= Work item =
Check each line of the data for "bathroom", and copy the ones that have it.

= Source material =
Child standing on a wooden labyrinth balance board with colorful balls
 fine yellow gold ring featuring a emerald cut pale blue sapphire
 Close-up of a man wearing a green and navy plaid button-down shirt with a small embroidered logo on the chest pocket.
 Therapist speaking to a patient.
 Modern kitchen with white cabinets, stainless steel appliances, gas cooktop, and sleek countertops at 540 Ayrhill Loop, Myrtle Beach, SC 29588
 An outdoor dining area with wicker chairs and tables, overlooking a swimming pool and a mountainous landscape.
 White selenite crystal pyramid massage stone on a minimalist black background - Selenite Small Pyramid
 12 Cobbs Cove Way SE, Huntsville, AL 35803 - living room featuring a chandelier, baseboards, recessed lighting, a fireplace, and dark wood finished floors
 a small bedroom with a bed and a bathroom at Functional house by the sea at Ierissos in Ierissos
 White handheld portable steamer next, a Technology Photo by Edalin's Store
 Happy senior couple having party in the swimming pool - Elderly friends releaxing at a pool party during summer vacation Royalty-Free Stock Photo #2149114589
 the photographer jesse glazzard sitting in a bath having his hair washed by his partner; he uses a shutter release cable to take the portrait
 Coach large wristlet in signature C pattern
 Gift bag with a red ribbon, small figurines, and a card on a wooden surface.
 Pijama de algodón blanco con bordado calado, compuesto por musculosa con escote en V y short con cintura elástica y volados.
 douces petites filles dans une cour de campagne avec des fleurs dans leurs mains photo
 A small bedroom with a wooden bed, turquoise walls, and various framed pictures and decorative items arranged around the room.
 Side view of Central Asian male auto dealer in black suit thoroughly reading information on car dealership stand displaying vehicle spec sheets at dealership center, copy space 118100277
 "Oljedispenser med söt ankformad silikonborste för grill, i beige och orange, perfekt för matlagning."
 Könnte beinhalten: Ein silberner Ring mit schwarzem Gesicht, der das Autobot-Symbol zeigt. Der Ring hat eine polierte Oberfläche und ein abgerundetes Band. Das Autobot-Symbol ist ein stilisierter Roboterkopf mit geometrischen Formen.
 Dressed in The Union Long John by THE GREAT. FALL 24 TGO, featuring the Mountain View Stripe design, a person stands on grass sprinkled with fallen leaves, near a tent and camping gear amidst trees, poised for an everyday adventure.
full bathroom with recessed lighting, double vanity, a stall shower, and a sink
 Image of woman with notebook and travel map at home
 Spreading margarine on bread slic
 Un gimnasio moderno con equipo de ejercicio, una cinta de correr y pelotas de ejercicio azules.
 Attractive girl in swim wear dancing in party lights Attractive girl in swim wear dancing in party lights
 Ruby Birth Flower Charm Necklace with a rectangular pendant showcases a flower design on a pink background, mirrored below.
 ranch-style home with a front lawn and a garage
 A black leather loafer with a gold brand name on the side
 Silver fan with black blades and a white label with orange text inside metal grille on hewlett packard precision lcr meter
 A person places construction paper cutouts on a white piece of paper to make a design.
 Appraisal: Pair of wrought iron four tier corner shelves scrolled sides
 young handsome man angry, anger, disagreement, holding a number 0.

= Response to this task =
 a small bedroom with a bed and a bathroom at Functional house by the sea at Ierissos in Ierissos
full bathroom with recessed lighting, double vanity, a stall shower, and a sink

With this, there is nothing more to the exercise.